A team at Ulsan National Institute of Science and Technology (UNIST) in South Korea has created a new type of artificial muscle, a magnetic-composite actuator, that can lift about 4,000 times its own weight. The device weighs roughly 1.13 grams and has demonstrated the ability to lift up to 5 kilograms, reports Live Science.
What makes this development noteworthy is the resolution of a long-standing trade-off in artificial-muscle design: either high flexibility with low strength, or high strength with low flexibility. The new muscle uses a dual cross-linking composite: a covalently bonded chemical network and a reversible physical network. Magnetic microparticles (NdFeB) and a stiffness-tuning polymer matrix allow the muscle to switch between soft and stiff states, a key feature for robotic systems that need both compliance and load-bearing capability.
In contraction tests, the artificial muscle achieved an 86.4% strain, more than double that of human skeletal muscle, and a work density of about 1,150 kJ/m³, roughly 30 times of human muscle capability. Because it can stiffen when bearing heavy loads and soften when moving, the muscle becomes ideal for humanoid robots and wearable devices where motion and strength must be balanced.

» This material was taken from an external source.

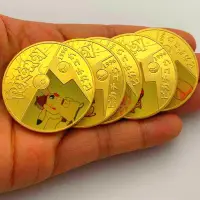 在飛比找Yahoo奇摩拍賣-7-11運費0元優惠優惠-現貨熱銷-【紀念幣】日本皮卡丘鼠口袋妖怪鍍金紀念幣 神奇寶貝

Still, the accomplishment is at a proof-of-concept level. The researchers must now validate long-term durability, integration into full robotic systems, real-world control, and power-supply issues. For engineers working on robotics, automation, or wearable tech, this indicates a shift: actuators may no longer be bulky electric motors, but lightweight artificial muscles with human-or-better performance.
This magnetic-composite artificial muscle could redefine what robots can lift, how they move, and how human-machine systems are designed.